All the code generated by the compiler is allocated into "code
vectors" (secondary tag CODE). A code vector has a single boxed
slot at the beginning (immediately after the header word) pointing to
the "ancillary record", and the a number of "code items". In this
way, the code for several distinct functions which share other closure
values can be generated into a single code vector, with a shared
closure.
Each code item has a BACKPTR header, and a single word of metadata
(the "ancillary word", which is a terrible name because it's easy to
confuse with the "ancillary record"), followed by the machine code
itself. A pointer to code (for example, in a closure) points to one
of these code items, so the first instruction of the machine code is
at an offset of 3 from the code pointer (-5 for the POINTER tag,
+4 for the header word, +4 for the ancillary word).
The ancillary word has several fields. From the least-significant bits up, this table shows field sizes on each architecture:
| Name | SPARC | MIPS | x86 | Description |
|---|---|---|---|---|
| number | 10 | 10 | 10 | The index of this item in the code vector. |
| intercept | 5 | 6 | 8 | An offset to code to replace to intercept this function. |
| leaf | 1 | 1 | 1 | A single bit flag denoting a leaf function. |
| saves | 0 | 5 | 2 | The number of callee-save registers. |
| args | 0 | 0 | 3 | The number of arguments passed on the stack. |
| non_gcs | 16 | 10 | 8 | The number of non-GCable spill slots in the stack frame. |
There is a lot of bit pressure in this word, especially on x86 (where shortage of register pressure means that the values in the 'saves', 'args', and 'non_gcs' slots are often all non-zero, and variable-length instructions means that the 'intercept' slot needs to be larger). The sizes of the different fields have been carefully tweaked.

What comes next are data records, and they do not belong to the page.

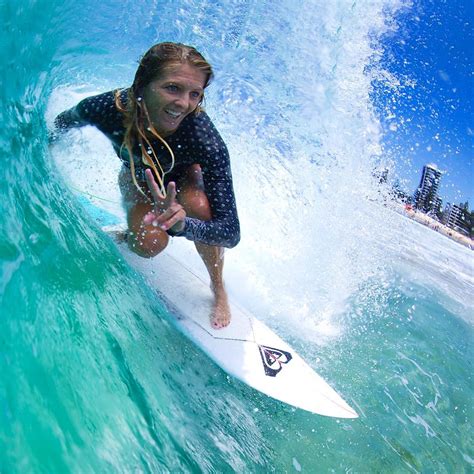 Stephanie Gilmore: A Surfing Sensation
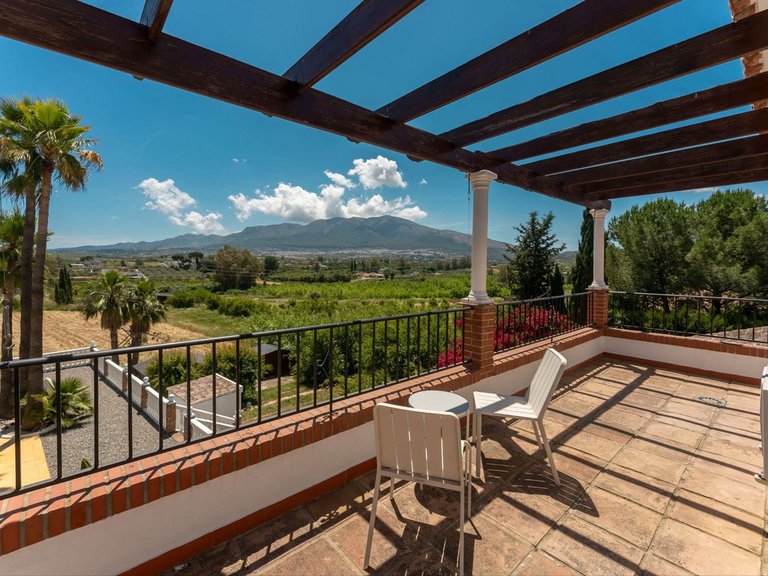 Villa for Sale in Alhaurín El Grande, Malaga 24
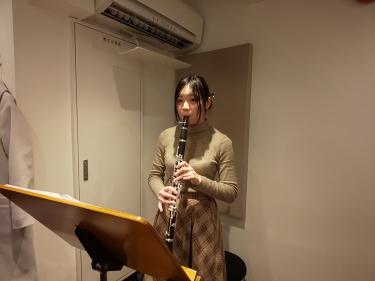 楽譜を見ながら立って演奏する生徒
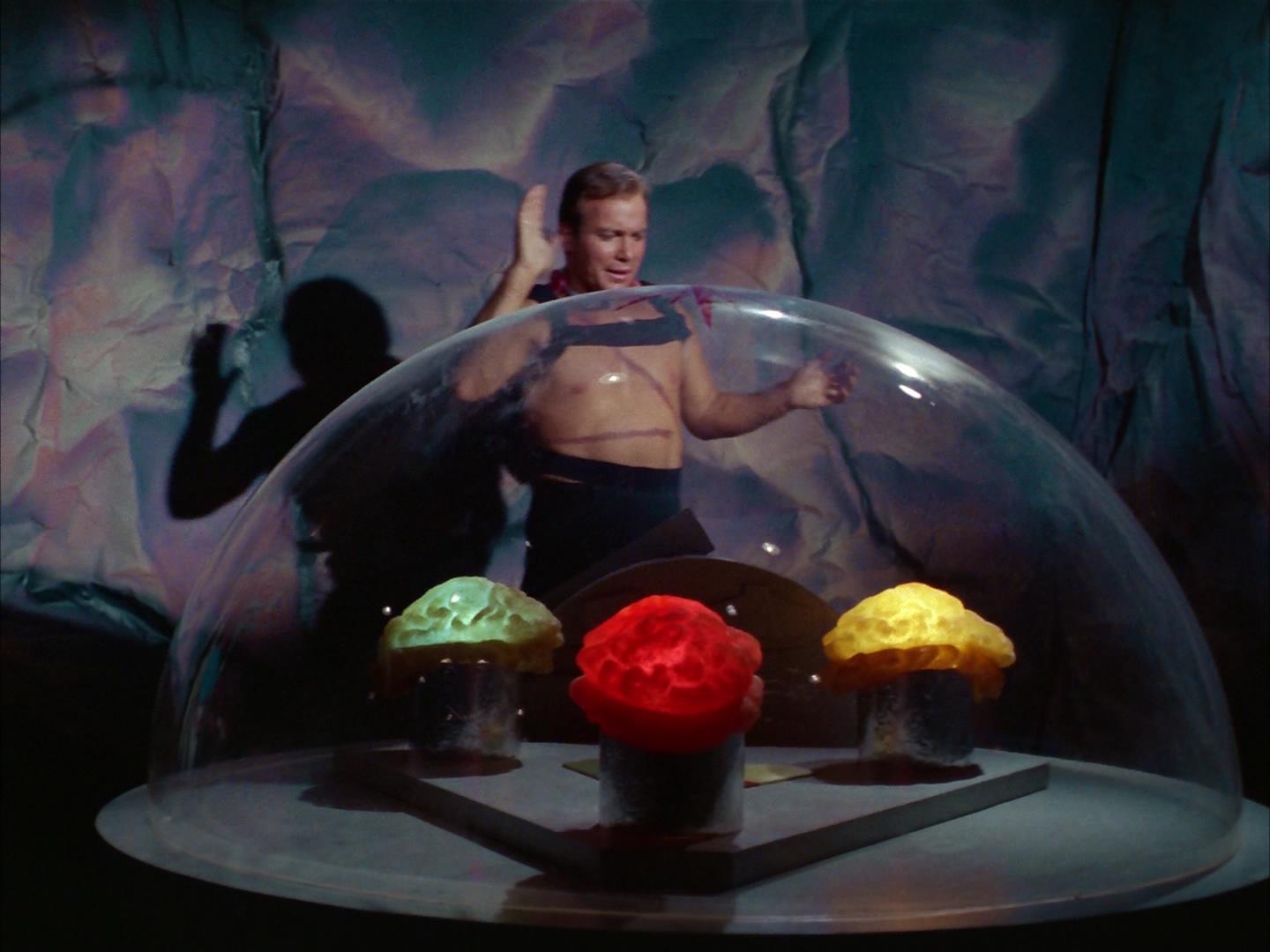 ariane179254_StarTrek_2x16_TheGamestersOfTriskelion_2745.jpg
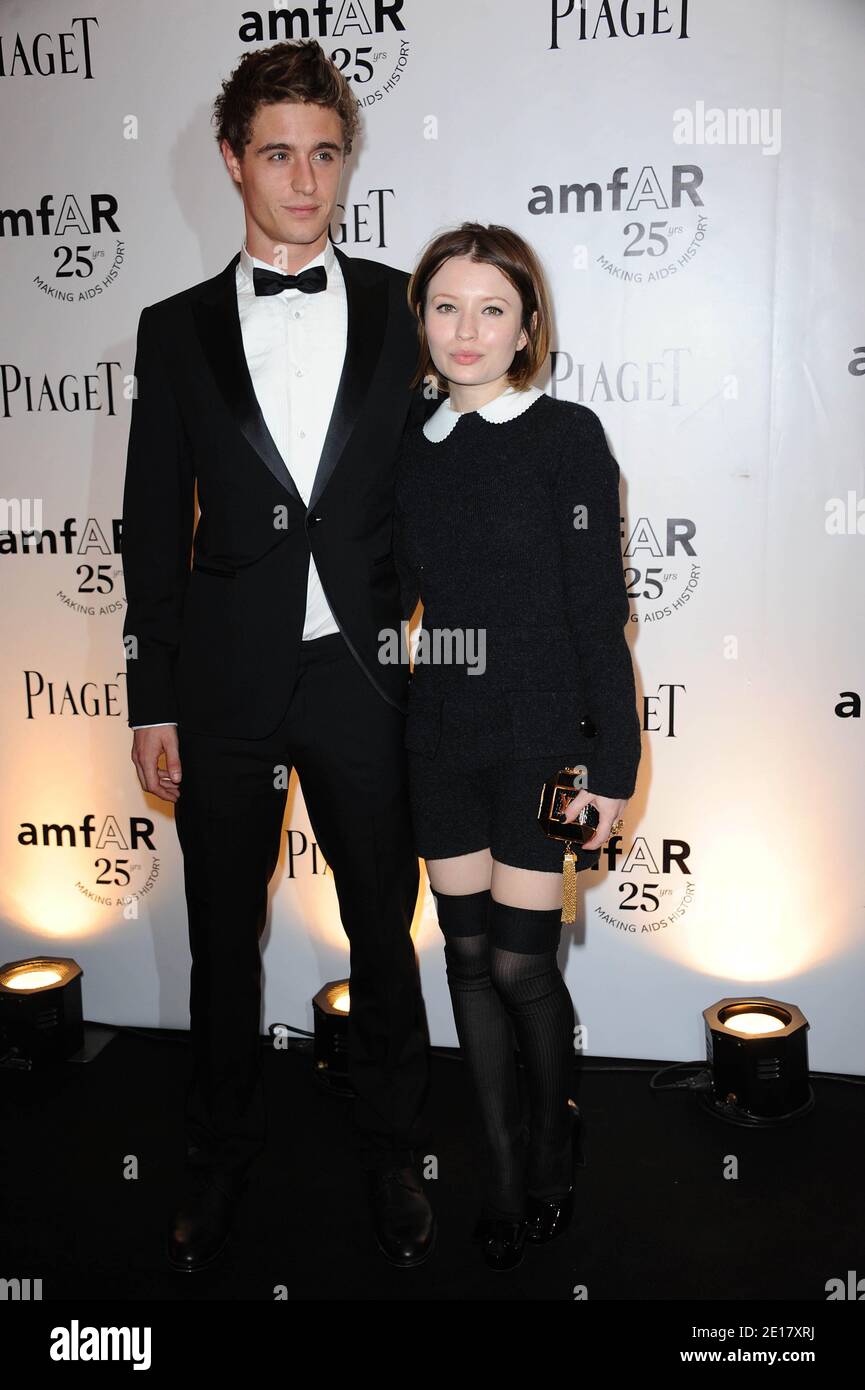 Max irons hi-res stock photography and images - Alamy, image size:865x1390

The intercept slot is an offset into a block of NOP instructions in the code, when compiled for interception. These instructions can be replaced to intercept function calls. This is used for tracing, debugging, space profiling, call-counting, etc. The units in which the intercept offset is counted are bytes on x86 and 32-bit words on SPARC and MIPS.
The ancillary vector has between one and three slots, depending on the compilation switches. Each slot is a boxed table indexed by code item number. The tables are as follows, in order:
| Table | Description |
|---|---|
| names | An ML tuple of ML strings. |
| profile records | An ML tuple of pointers to C structures used when profiling: these are not allocated on the ML heap so the GC can treat them as non-pointers. |
| intercept fns | An ML array of ML functions. Note that this gets updated, so it does actually have to be an array. |
There are C runtime macros for extracting and manipulating all this:
| Macro | Meaning |
|---|---|
CCODEANCILL(p) |
the ancillary field of the code item. |
CCODENUMBER(p) |
the code index of the code item. |
CCODENONGC(p) |
the number of non-gc values. |
CCODEARGS(p) |
the number of stack parameters. |
CCODESAVES(p) |
the number of callee saves. |
CCODELEAF(p) |
the leaf flag. |
CCODEINTERCEPT(p) |
the intercept offset |
CCODE_CAN_INTERCEPT(p) |
is the function interceptable? |
CCODENAME(p) |
the code name (an ML string) |
CCODEPROFILE(p) |
the profile record |
CCODE_SET_PROFILE(p,v) |
set the profile record |
CCODEINTERFN(p) |
the intercept function |
CCODE_SET_INTERFN(p,f) |
set the intercept function |
CCODESTART(p) |
the address of the first instruction. |
An array (primary tag REFPTR, secondary tag ARRAY) has two
words after the header word which are used by ML code and the garbage
collector to manage "remembered sets". The words are slots
(forward and back) for a doubly-linked list.
Whenever an array is created or updated, it's put on the "modified
list", a singly-linked list linked through the back slots. Each
generation has an "entry list": a doubly-linked list of arrays which
should be scanned for pointers to this or any older generation.
Note that ML references are single-element arrays, and therefore occupy 4 words: header, forward and back slots, and reference.